Along the way, he also became the face of reform for Rikers Island.
In April, in a statement provided to The New Yorker, New York City Mayor Bill de Blasio said that Browder’s “tragic story put a human face on Rikers Island’s culture of delay — a culture with profound human and fiscal costs for defendants and our city.”
Since Browder’s release from jail, de Blasio and Department of Correction Commissioner Joseph Ponte have introduced a series of major reforms at Rikers. Perhaps most significantly, the pair have ended the practice of putting 16- and 17-year-olds into solitary confinement.
According to data released by the mayor’s office earlier this year, of the 10,000 inmates jailed at Rikers, about 1,500 have been there for at least a year without being convicted of a crime. As in Browder’s case, these lengthy pretrial stays are often the result of unaffordable bail, long court backlogs, bad legal representation or a combination thereof. Sometimes, inmates experience protracted pretrial detainment as part of an intentional strategy by their attorneys.
De Blasio said these 1,500 inmates were all scheduled to have a court date last month, with the aim of resolving their cases by the end of the year.
But for many, these reforms are too little, too late.
The activist Glenn Martin spent six years in prison before founding Just Leadership USA, an organization that aims to reduce America’s prison population by half.

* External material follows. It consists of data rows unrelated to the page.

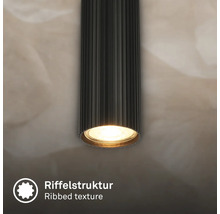 Spot de plafond cylindrique noir avec une structure nervurée distinctive et une source lumineuse blanc chaud allumée.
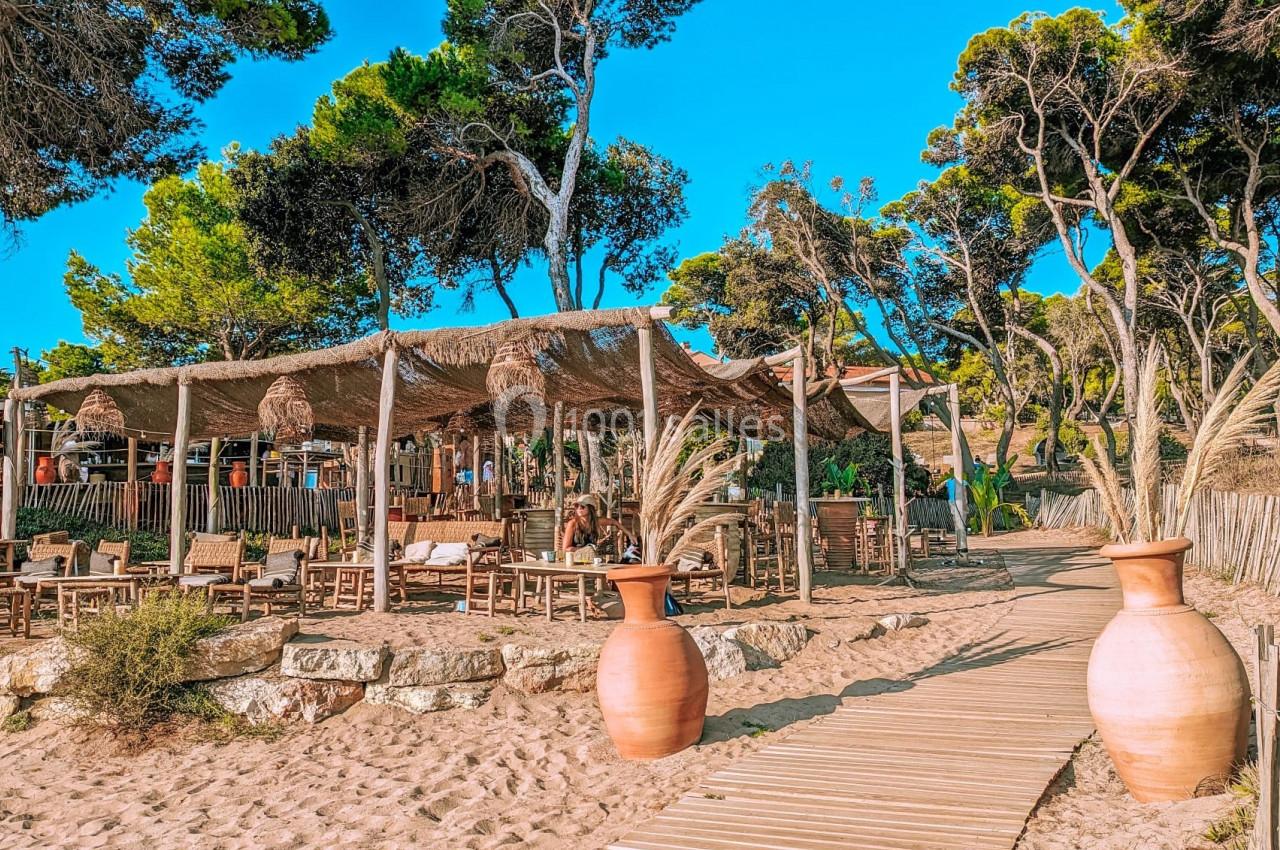 Terrasse en bois ombragée avec des tables et chaises, entourée de pins, accessible par un chemin sablonneux.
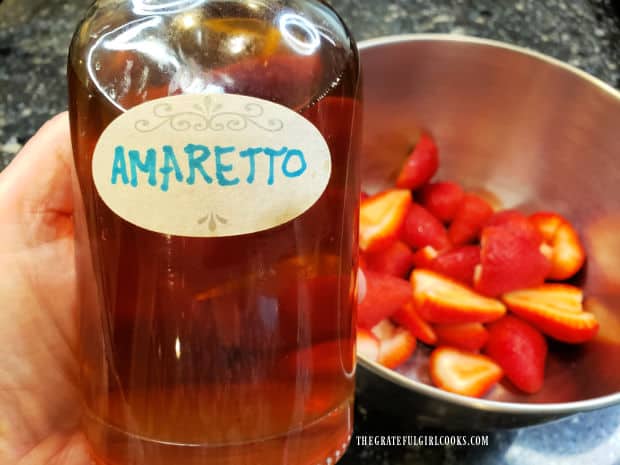 Amaretto liqueur will be added to the bowl of strawberries.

Martin is now president of the organization.
In a statement to HuffPost Monday, Martin called for the “removal of all youth from Rikers Island,” a move he said would be a “conservative step in the right direction.”
“There is no meaningful reform that involves young people remaining incarcerated on Rikers Island,” he said. “Observers have long known that New York’s premier institution of punishment churns out human carnage on a much grander scale than public safety or rehabilitation.”
“Ultimately, we are all collectively responsible for the death of Kalief, since our insidious criminal justice system exists in our name,” Martin continued. “The heartbreaking loss of Kalief reminds us that criminal justice reform isn’t merely an academic exercise being negotiated in our nation’s power centers — the lives of our children are literally on the line.”
Matt Curtis, policy director at the group Voices of Community Activists & Leaders New York, which opposes mass incarceration, said in a statement Monday that Browder’s death is “a tragedy that should have never happened, especially in a city that boasts its commitment to progressive values.”
“The violence and injustice Kalief endured at the hands of the criminal justice system is inexcusable, and we should be ashamed of the rampant and unchecked violence in our jails and prisons,” said Curtis. “The system we have is designed to dehumanize people of color, people suffering from mental illness, innocent people like Kalief Browder.”